• **WHAT THE TASK ASKS**: The whole listing below is to be copied exactly, with every picture left out.

• **DATASET CONTENT**:

------------------------

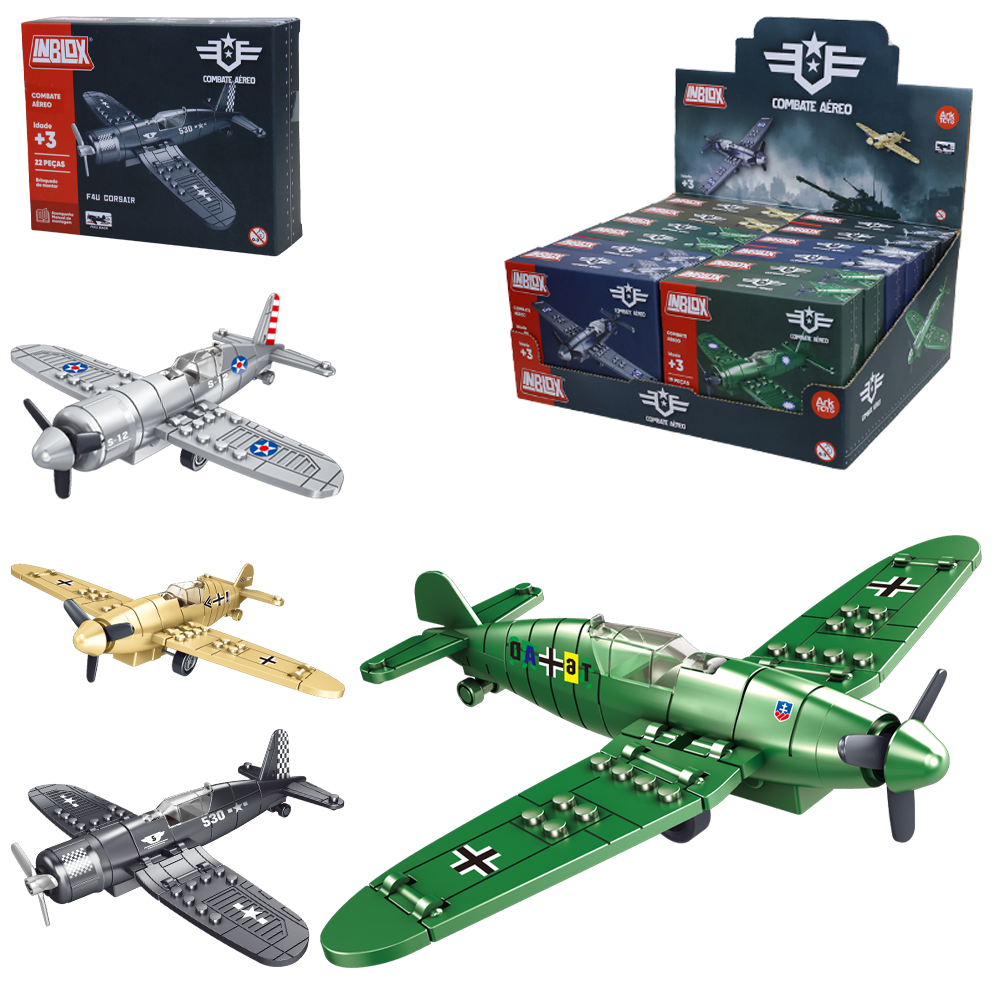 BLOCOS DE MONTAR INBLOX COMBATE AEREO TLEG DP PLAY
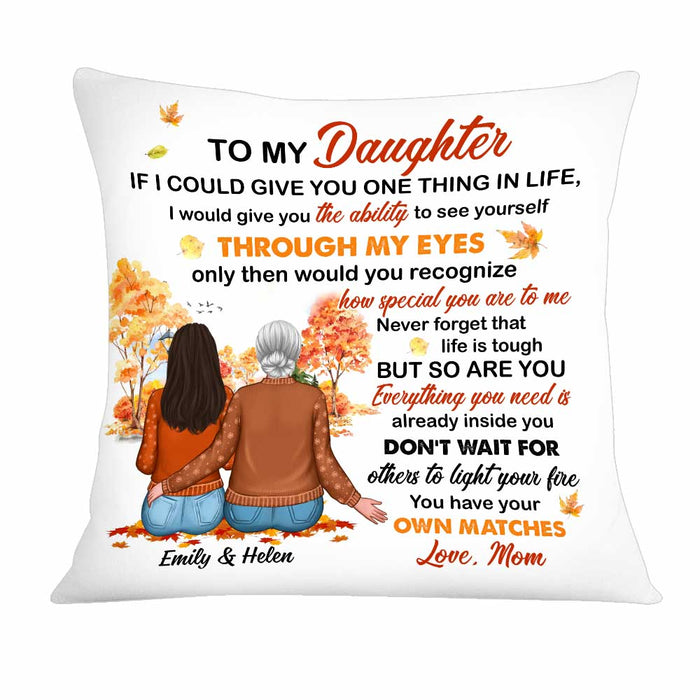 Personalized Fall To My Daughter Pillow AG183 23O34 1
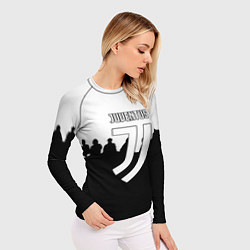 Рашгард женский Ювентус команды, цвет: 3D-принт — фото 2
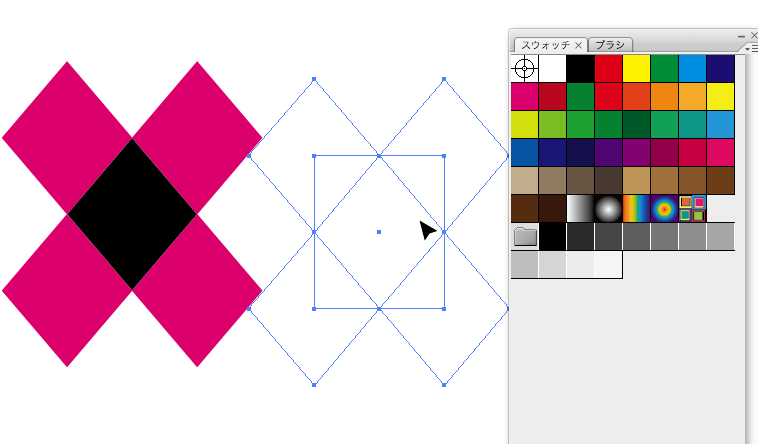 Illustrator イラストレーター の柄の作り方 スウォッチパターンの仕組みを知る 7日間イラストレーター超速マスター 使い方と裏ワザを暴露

------------------------

• **ANSWER SECTION**:
 BLOCOS DE MONTAR INBLOX COMBATE AEREO TLEG DP PLAY
 Personalized Fall To My Daughter Pillow AG183 23O34 1
 Рашгард женский Ювентус команды, цвет: 3D-принт — фото 2
 Illustrator イラストレーター の柄の作り方 スウォッチパターンの仕組みを知る 7日間イラストレーター超速マスター 使い方と裏ワザを暴露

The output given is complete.